Search code examples
javascriptscrapysplash-js-render

scrapy-splash rendering more than the first page


I'm trying to scrape a website but need to use splash in all pages because their content created dynamically. right now it renders only the first page, but not the content page or the pagination pages.

here's the code:

import scrapy
from scrapy_splash import SplashRequest
import scrapy_splash

class ShutSpider(scrapy.Spider):
    name = 'Shut'
    def start_requests(self):
            yield SplashRequest(url='ROOTURL',callback=self.parse)

    def parse(self, response):
        # follow links to author pages
        content=response.xpath('//*[@id="iconQuesBar"]/a[4]/@href').extract()
        for href in content:
            yield response.follow(href.replace('?id=', ''), self.parse_QNA)
        if content == []:
            return
        # follow pagination links
        for href in response.xpath('//*[@id="body-div"]/table/tbody/tr[2]/td[3]/center/form/span/a/@href').extract():
            yield response.follow(href, self.parse)
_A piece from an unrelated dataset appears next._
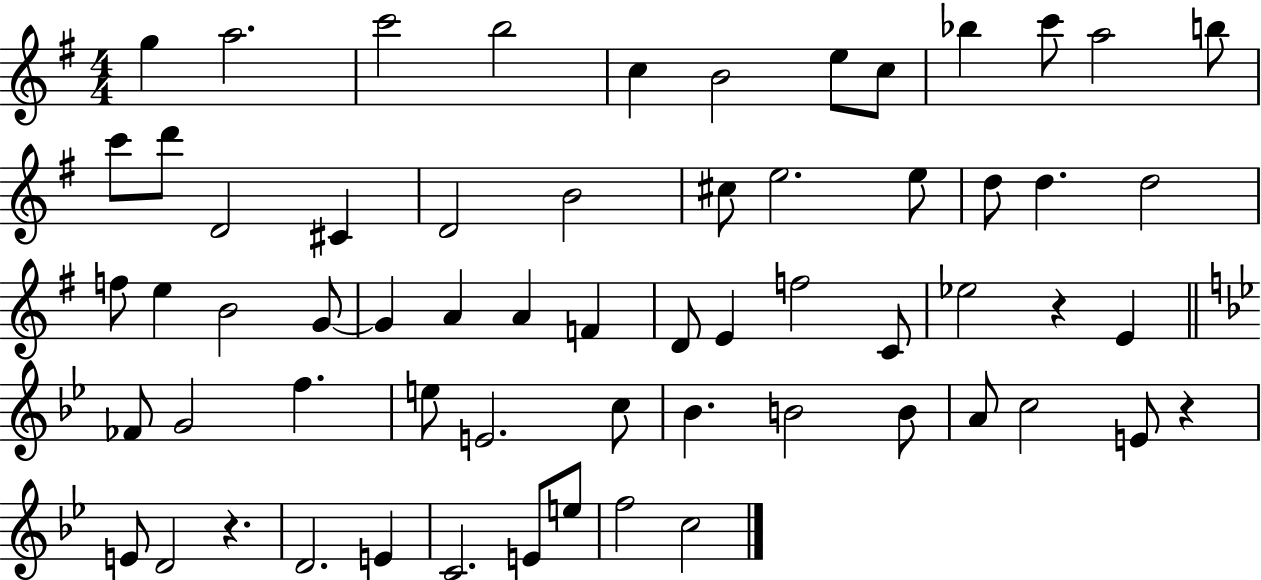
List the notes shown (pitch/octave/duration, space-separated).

G5/q A5/h. C6/h B5/h C5/q B4/h E5/e C5/e Bb5/q C6/e A5/h B5/e C6/e D6/e D4/h C#4/q D4/h B4/h C#5/e E5/h. E5/e D5/e D5/q. D5/h F5/e E5/q B4/h G4/e G4/q A4/q A4/q F4/q D4/e E4/q F5/h C4/e Eb5/h R/q E4/q FES4/e G4/h F5/q. E5/e E4/h. C5/e Bb4/q. B4/h B4/e A4/e C5/h E4/e R/q E4/e D4/h R/q. D4/h. E4/q C4/h. E4/e E5/e F5/h C5/h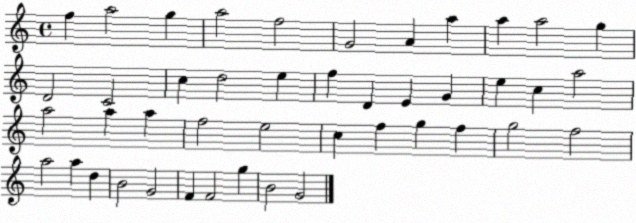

    def parse_QNA(self, response):
        yield {
            'url': response.url,
            'title': response.xpath('//h1[@class = "head"]/text()').extract()

I've played with it in every way I could think off but it didn't work. the only solution I can think of right now is to send the links to the content pages and pagination using the render API but I think it's really bad coding and there has to be another way.

Thanks for you help.


Solution

  • Instead of response.follow(), explicitely yield new SplashRequest for subsequent pages. Also, you'll have to use response.urljoin() in this case. Here's modified code:

    import scrapy
    from scrapy_splash import SplashRequest
    import scrapy_splash
    
    class ShutSpider(scrapy.Spider):
        name = 'Shut'
        def start_requests(self):
            yield SplashRequest(url='ROOTURL',callback=self.parse)
    
        def parse(self, response):
            # follow links to author pages
            content = response.xpath('//*[@id="iconQuesBar"]/a[4]/@href').extract()
            for href in content:
                yield SplashRequest(response.urljoin(href.replace('?id=', '')), self.parse_QNA)
            if content == []:
                return
            # follow pagination links
            for href in response.xpath('//*[@id="body-div"]/table/tbody/tr[2]/td[3]/center/form/span/a/@href').extract():
                yield SplashRequest(response.urljoin(href), self.parse)
    
        def parse_QNA(self, response):
            yield {
                'url': response.url,
                'title': response.xpath('//h1[@class = "head"]/text()').extract()